Reproduce only this stretch of the listing below: from the line with "Rings 021ct CZ" through the line with "AI 네이티브 병원과 예방 의료 시스템의 미래 개념 이미지", exactly as written, with pictures excluded.

··· Record set

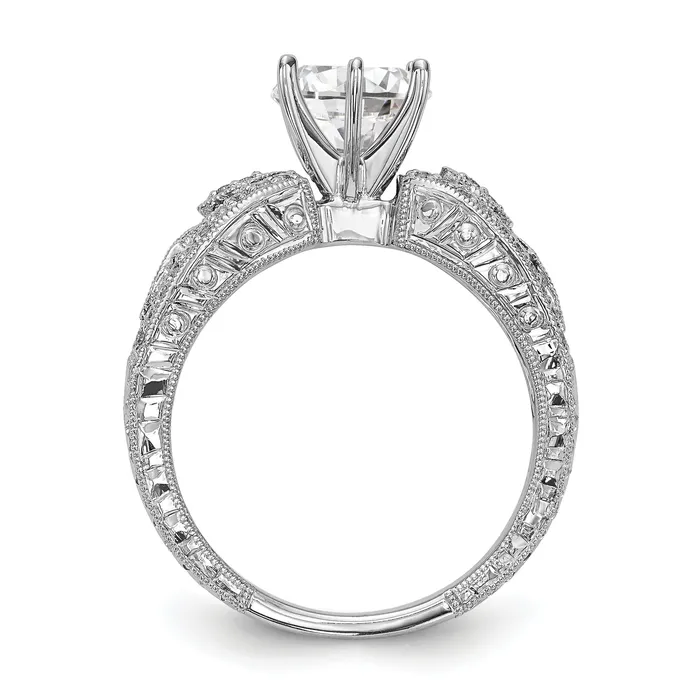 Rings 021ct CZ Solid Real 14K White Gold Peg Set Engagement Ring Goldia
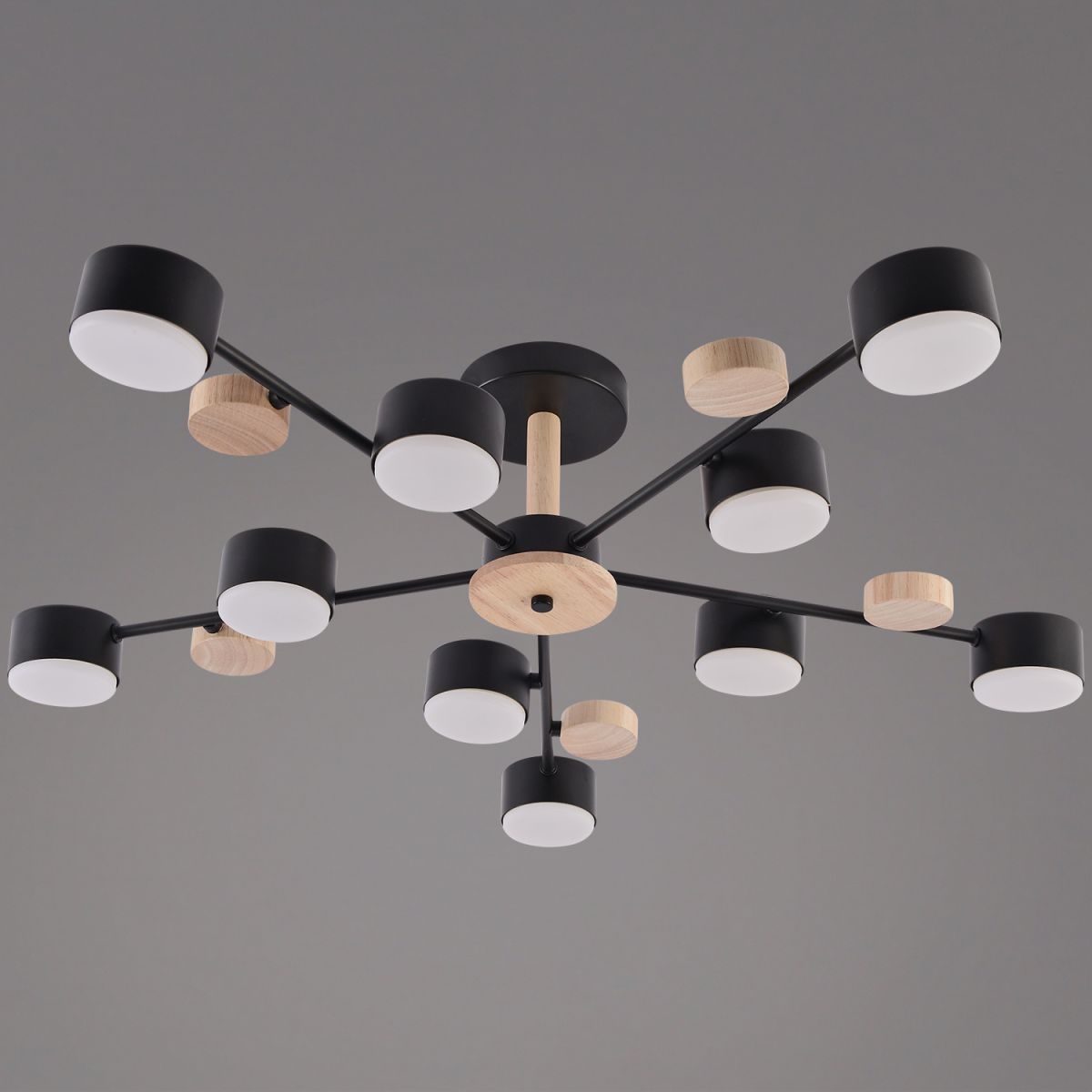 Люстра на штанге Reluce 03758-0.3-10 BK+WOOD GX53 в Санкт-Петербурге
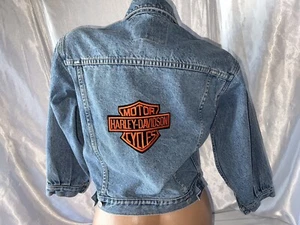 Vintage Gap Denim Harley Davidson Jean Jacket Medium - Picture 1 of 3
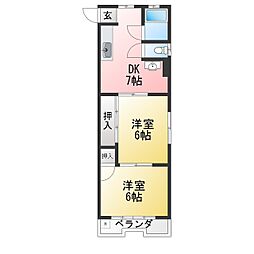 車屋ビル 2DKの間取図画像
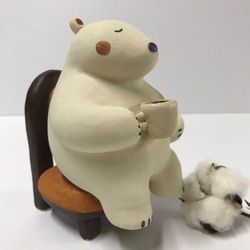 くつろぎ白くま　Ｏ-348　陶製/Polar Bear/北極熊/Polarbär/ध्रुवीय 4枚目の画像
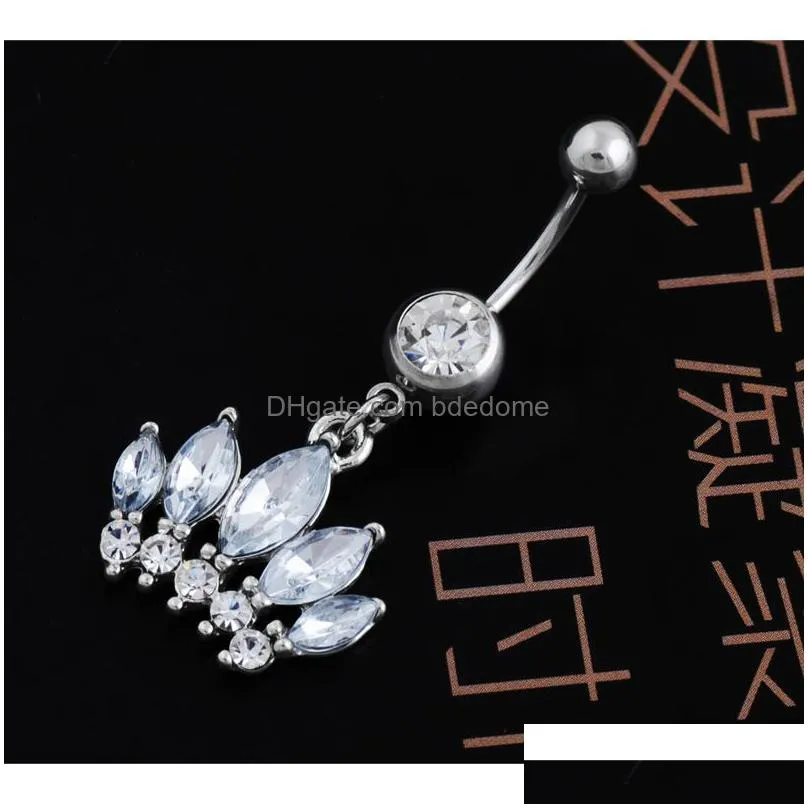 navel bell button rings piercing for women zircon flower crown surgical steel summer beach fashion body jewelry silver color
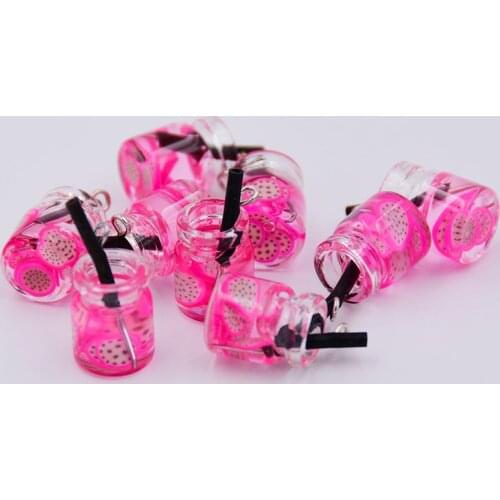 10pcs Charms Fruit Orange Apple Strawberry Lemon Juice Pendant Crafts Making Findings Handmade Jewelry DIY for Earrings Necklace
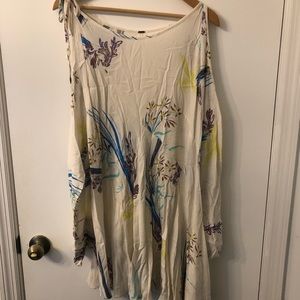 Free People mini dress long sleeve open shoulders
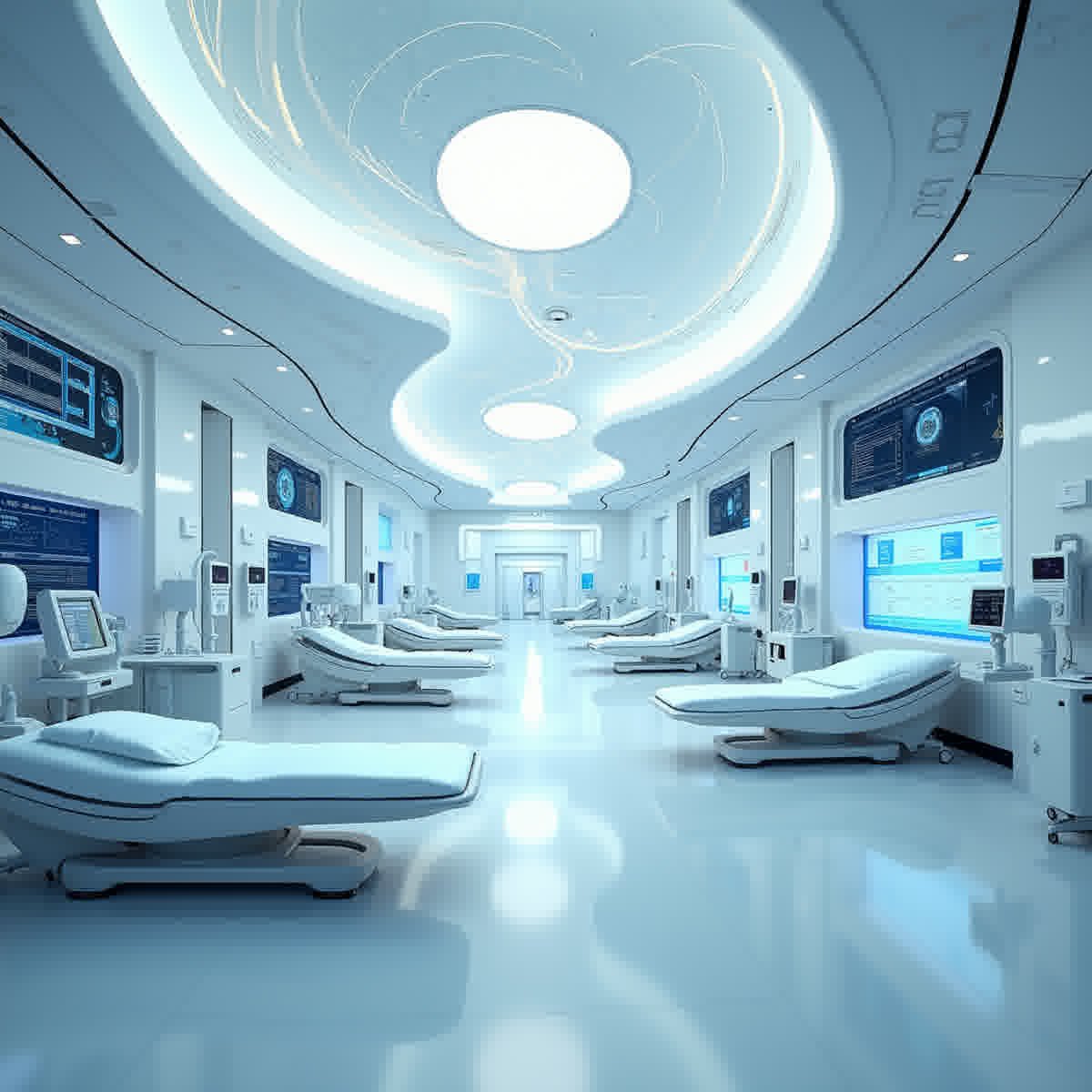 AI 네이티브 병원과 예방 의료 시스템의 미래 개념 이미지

······
··· Record set

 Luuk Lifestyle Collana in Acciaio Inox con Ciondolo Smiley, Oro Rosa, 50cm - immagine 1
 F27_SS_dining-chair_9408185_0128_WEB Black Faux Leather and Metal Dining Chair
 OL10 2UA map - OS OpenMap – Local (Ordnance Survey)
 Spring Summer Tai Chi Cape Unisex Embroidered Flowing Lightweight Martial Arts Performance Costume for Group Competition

······

## Solution for this exercise
 Rings 021ct CZ Solid Real 14K White Gold Peg Set Engagement Ring Goldia
 Люстра на штанге Reluce 03758-0.3-10 BK+WOOD GX53 в Санкт-Петербурге
 Vintage Gap Denim Harley Davidson Jean Jacket Medium - Picture 1 of 3
 車屋ビル 2DKの間取図画像
 くつろぎ白くま　Ｏ-348　陶製/Polar Bear/北極熊/Polarbär/ध्रुवीय 4枚目の画像
 navel bell button rings piercing for women zircon flower crown surgical steel summer beach fashion body jewelry silver color
 10pcs Charms Fruit Orange Apple Strawberry Lemon Juice Pendant Crafts Making Findings Handmade Jewelry DIY for Earrings Necklace
 Free People mini dress long sleeve open shoulders
 AI 네이티브 병원과 예방 의료 시스템의 미래 개념 이미지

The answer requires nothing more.